The ten classes are:
2. Injectable oil-based
3. Injectable water-based
4. Patch or gel
5. Aerosol, propellant based preparation
7. Homemade transdermal preparation
8. Androgen-estrogen combination
9. Counterfeit anabolic steroid
10 Over the counter (OTC)
Girls have recently been known to use steroids as a way to get an edge on the playing field, slim down and tone up. Some girls, as young as 9 years old, have found that steroids can help them to look more like the Hollywood stars and models they admire.
“There’s been a substantial increase for girls during the 1990s, and it’s at an all-time high right now,” said Charles Yesalis, professor of health and human development at Pennsylvania State University.
- Overall, up to about 5 percent of high school girls and 7 percent of middle-school girls admit trying anabolic steroids at least once, with use of rising steadily since 1991, various government and university studies have shown.
- “With young women, you see them using it more as a weight control and body fat reduction” method, said Jeff Hoerger, Rutgers University, New Jersey counseling program.
- These girls are more likely to have eating disorders and use other risky methods to get thin.
As the men on Gladiators, Wrestlemania, and Ultimate Fighter get bigger, boys may also have a desire to bulk up. But you might be surprised to know that it’s not only about getting stronger. It’s also about body image—and looking more attractive—even in elementary and middle school!
Boys as young as 10, and high school students who do not play team sports, are also bulking up with steroids because they want to look good.
Some high schools are working to combat steroid use by banning the substance and offering a consequence: If a student is caught using performance-enhancing drugs, they can be banned from competing for a whole year. The problem is, no drug testing is required. Parents still need to keep their eyes open.
How should parents address the issue?
Direct Approach: Especially if the person you suspect is your son/daughter, this can be the most effective approach. You can always take the time to just sit down and talk about steroids. Many teens either simply don’t know about the real risks of steroids or are uncertain about their effects.

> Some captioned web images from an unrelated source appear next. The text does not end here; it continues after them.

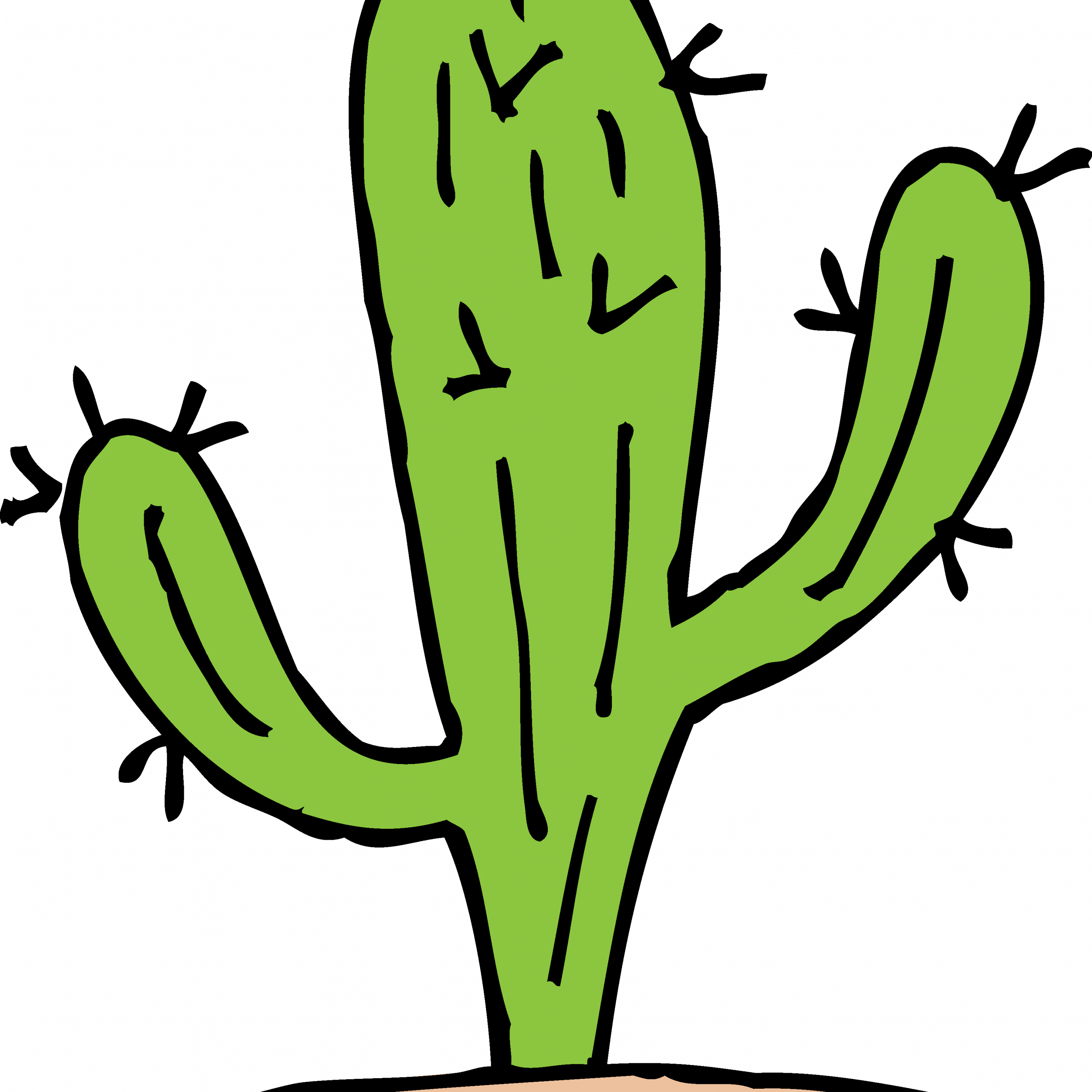 Cactus Clipart New Mexico Pencil And In Color Cactus - Cactus Clipart Black And White - Png Download (3000x3000), Png Download
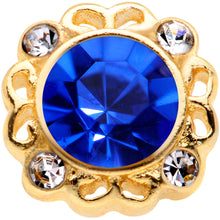 Load image into Gallery viewer, 18G 5/16 Clear Blue Gem Gold Tone Regal L Shaped Nose Ring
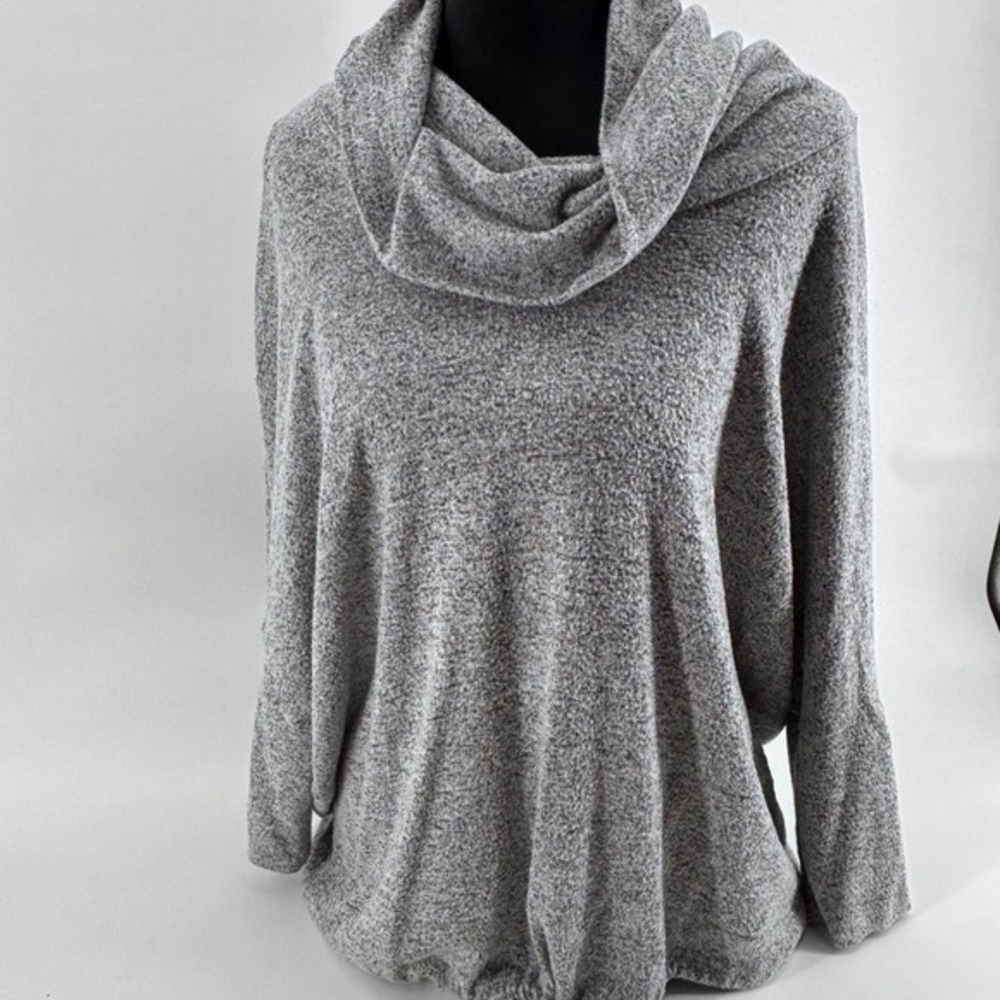 Green Envelope Los Angeles Gray‎ Marled Cowl Neck Drawstring Sweater Top Medium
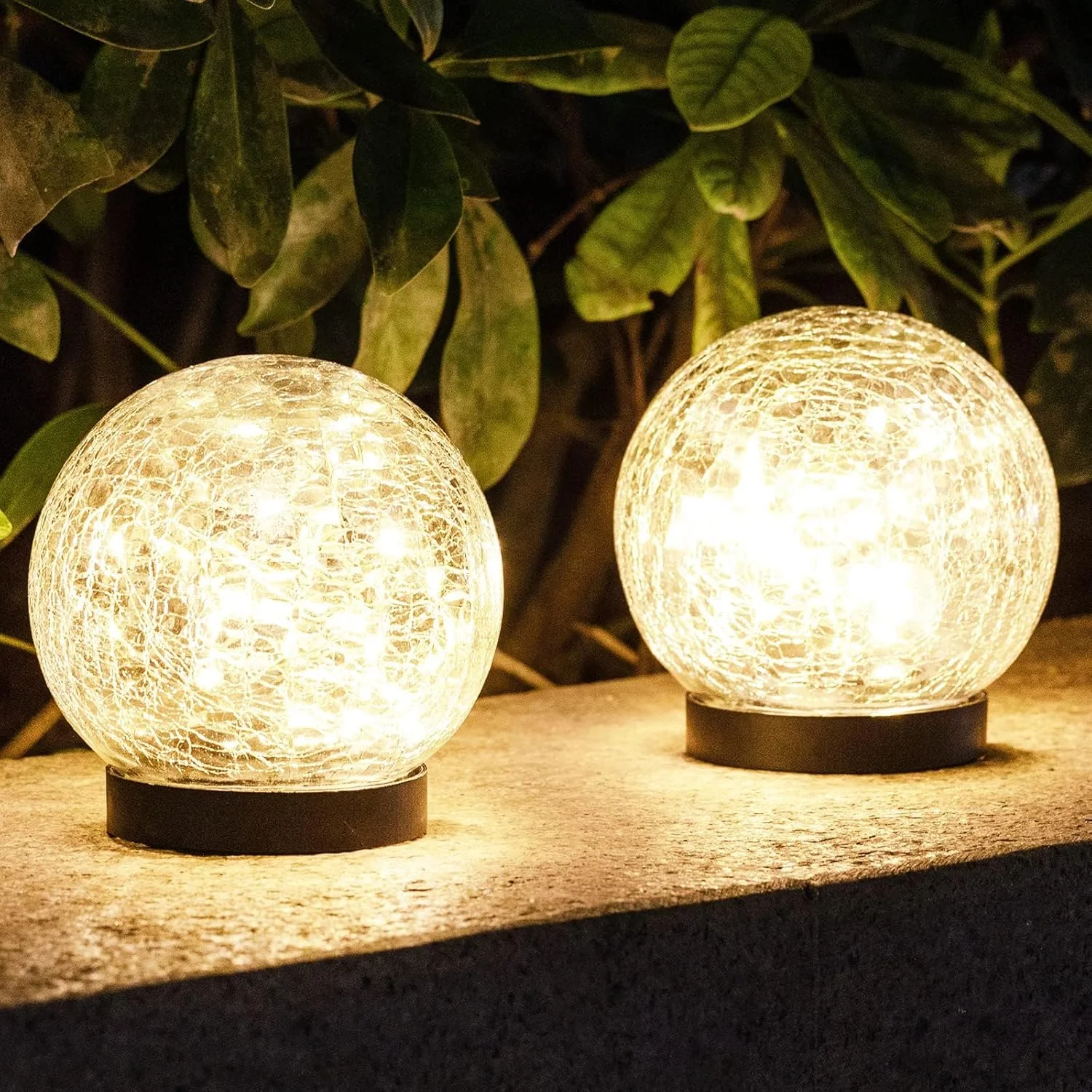 چراغ باغی خورشیدی KASTWAVE بسته 2 عددی با گوی شیشه ای ترک خورده شفاف، 30 LED سفید گرم، دکور ضد آب فضای باز برای مسیر، پاسیو، حیاط، چمن، ایده آل برای فضای شب و صرفه جویی در انرژی چراغ باغی خورشیدی KASTWAVE بسته 2 عددی با گوی شیشه ای ترک خورده شفاف، 30 LED سفید گرم، دکور ضد آب فضای باز برای مسیر، پاسیو، حیاط، چمن، ایده آل برای فضای شب و صرفه جویی در انرژی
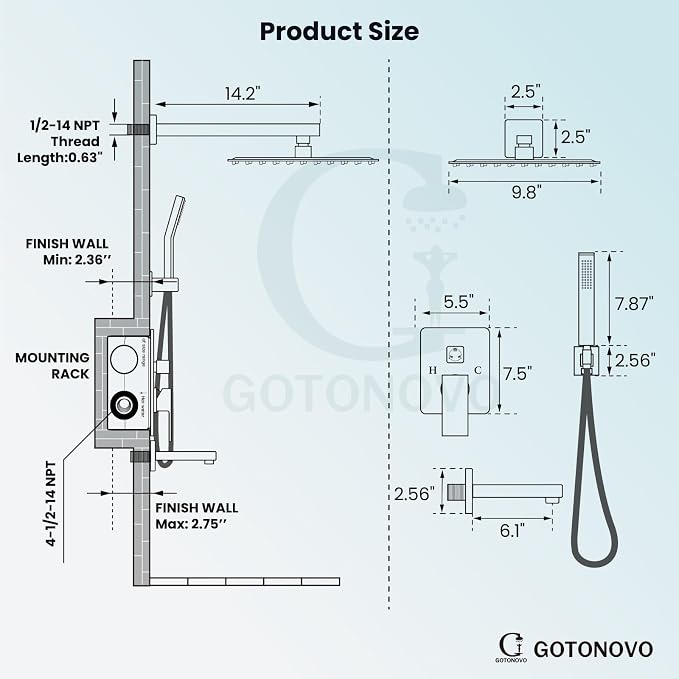 gotonovo Shower System with Tub Spout Wall Mounted Rain Shower Head and Handle - Image 4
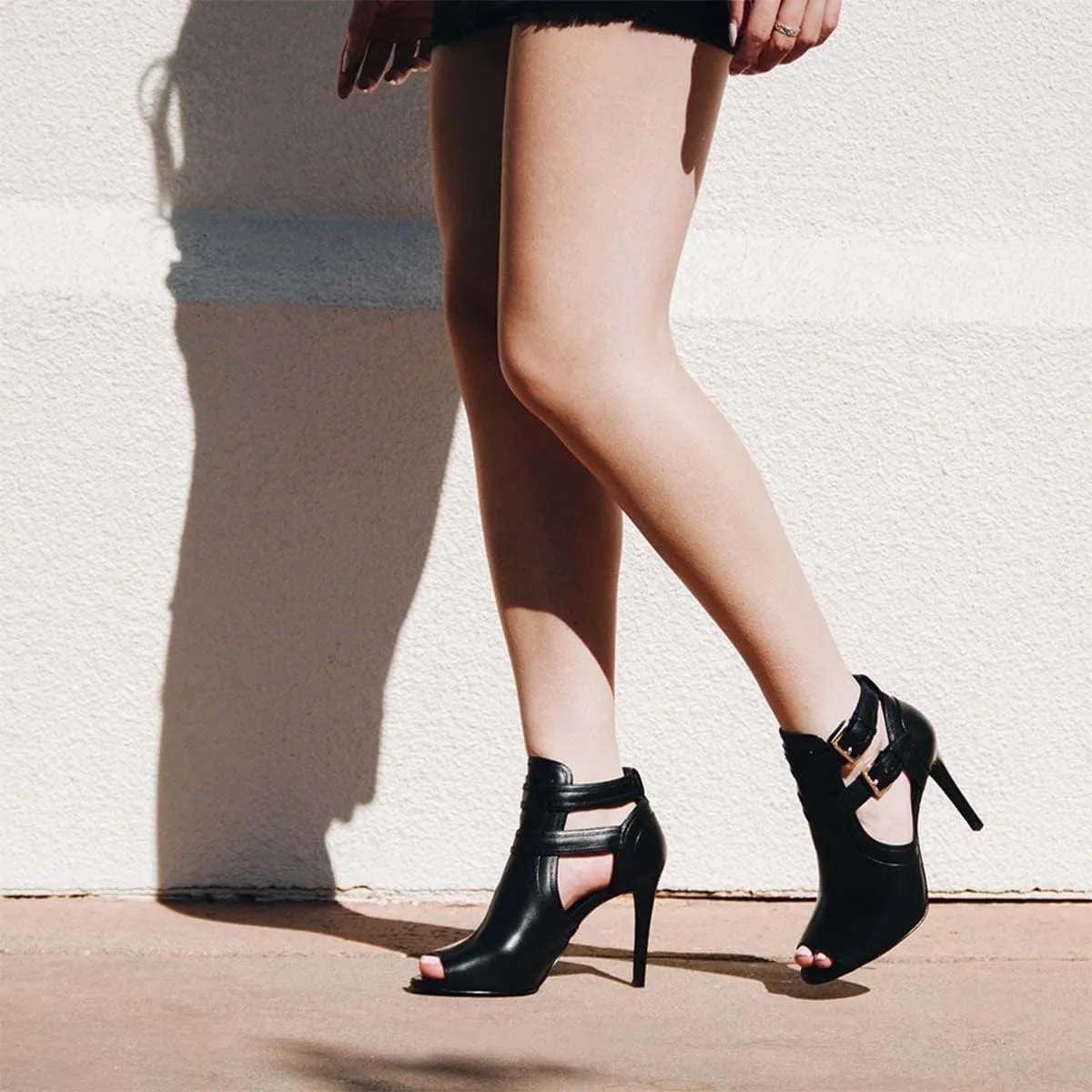 XYD Women Peep Toe Sandal Ankle Booties Dual Buckled Straps Stiletto Heels Stylish Cutout Event Party Pumps Shoes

Talk about all the general risks and the long term effects and how it simply isn’t worth it. Let them know that ultimately, they’ll just end up jeopardizing their own goals and maybe their entire lives.
If your child is thinking about taking steroids, your heart-to-heart talk could bring up facts and illuminate issues that s/he didn’t know about before.
Use the Media: When steroid use is brought up in the media, don’t stay silent! Let your children and teens know how you feel about steroid use, what it means for the sport, the athletes, personal health and the integrity of the sport. When children and teens are clear about how you feel about steroids and other illegal substances, they’re more likely to refrain from using.
- Look for any obvious weight gains in your children, particularly, gains in muscle mass over a short period of time.
- Is there any sign of depression? Hormonal imbalance can cause mood swings and erratic behavior.
- Is there any apparent hair loss with your child? Premature balding and breast development in boys and facial hair development in females are possible side effects of steroid use.
Intervention: Let the experts work
If you’re sure that the problem exists, let your children know that you only want what’s best for them– and then, introduce an expert. Trained doctors are the best people to address the problem.
Steroids Hotline: 1-800-STEROIDS
This hotline provides information on drugs, how to know if someone you know is using steroids and where to get help.
Anything else but steroids?
In addition, believe it or not, Viagra is now becoming another drug used by athletes. It’s being used to help with athletic performance, increase blood flow, and increase the effectiveness of other drugs. Watch your medicine cabinets.